I must confess that I know very little of the history of the Catholic Church. I couldn’t name 5 Popes. Oh, I know something of the Vatican, the incredible art that lives within its walls etc. but as far as the business of the church, I am clueless. But on the rare occasions when it’s time to elect a Pope, I become fascinated.
First there’s the red-robed Cardinals walking around in circles chanting stuff and looking terrible solemn. Then there’s the walk over to the Sistine Chapel where the security detail guards dressed in the coolest uniforms ever lock the doors, shielding the 115 cardinals from the outside world. Once inside these fine feathered gentlemen will take 4 votes a day until there’s a two thirds majority agreement. Once agreement is reached on the next infallible man, a hastily erected chimney on the top of the chapel will belch white smoke as a sign to the faithful that a new Pope has been chosen. Now, let me tell you, these Catholics can teach the rest of us a thing or two about drama!

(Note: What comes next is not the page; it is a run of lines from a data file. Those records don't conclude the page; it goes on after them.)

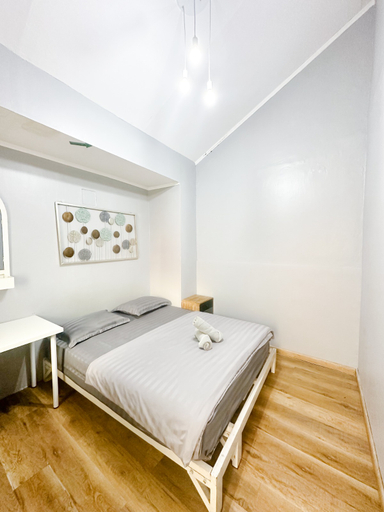 Bedroom 5, Otu Hostel By Ostic, Yogyakarta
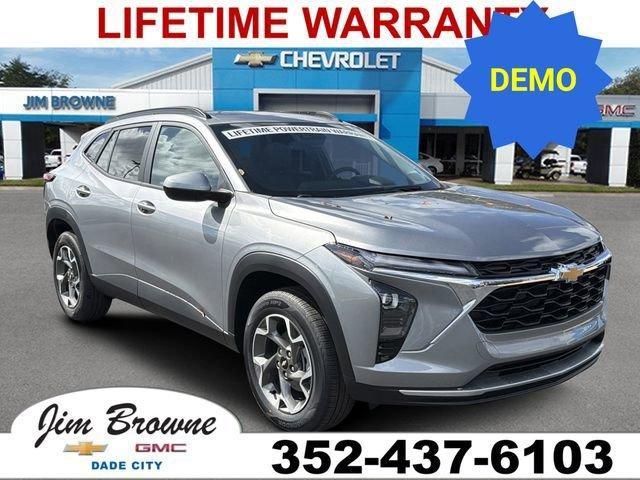 new 2026 Chevrolet Trax car, priced at $22,190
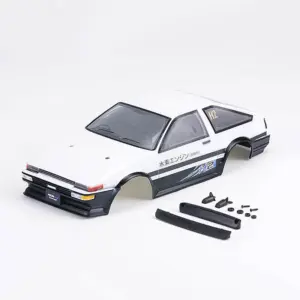 Carisma Gt24 Toyota Ae86 H2 Concept Painted Bodyshell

Can you imagine the Southern Baptist Convention going through these histrionics to elect a new…what do you even call the head of Southern Baptists anyway? First of all, you probably couldn’t get 115 Baptists to agree on a building to be locked away in, besides which, it would take two years to pick the 115, for fear that some annoying moderate might slip through the cracks. And, can you imagine those 115 Baptists being able to keep a secret long enough to start a fire to break the news to the world? Half of them will have tweeted the results within 15 seconds of the vote! Oh, I think the head guy is called the President.
Anyway, the Catholics have always done pageantry better than anyone. The most dyed in the wool atheist alive would feel some sense of reverence upon entering the Sistine Chapel, for example. Regardless of one’s theological proclivities, there’s something overpowering about the profound reverence one feels upon entering a Catholic church. They’re all so dimly lit, so magisterial, so quiet. What, with the flickering candlelight, stained glass, and people kneeling all over the place, it makes you check yourself to make sure you look presentable.
Now, I couldn’t take a steady diet of all that formality and ritual, but I have to say as a Baptist, that I do long for a more serious, humble experience in church every once in a while. Our services more resemble a Kiwanis club luncheon with all the glad-handing, laughter, and jokes flying around. “Greet someone around you who you haven’t met before, church!” the pastor extols while lively music rings from the rafters. For all of Baptist rhetoric about how God is so Holy and such a righteous judge, we sure do a lot of shucking and jiving in his presence. Most of the folks I’ve seen in the pews of a Catholic Church look like they are so deep in thought that the last thing they want to do is shake hands with a stranger. Of course, it’s always difficult to be glib and informal by candle light.
Don’t get me wrong, I have no desire to convert to Catholicism. It’s a theological mess for one thing, biblically incoherent and just plain creepy at times, but whenever it’s time to elect a Pope, I do envy them their seriousness, their sense of history, purpose, and the grandeur of their style. They do the Glory of God better than anyone on the planet, and in 2013 there are worse things a church can be known for.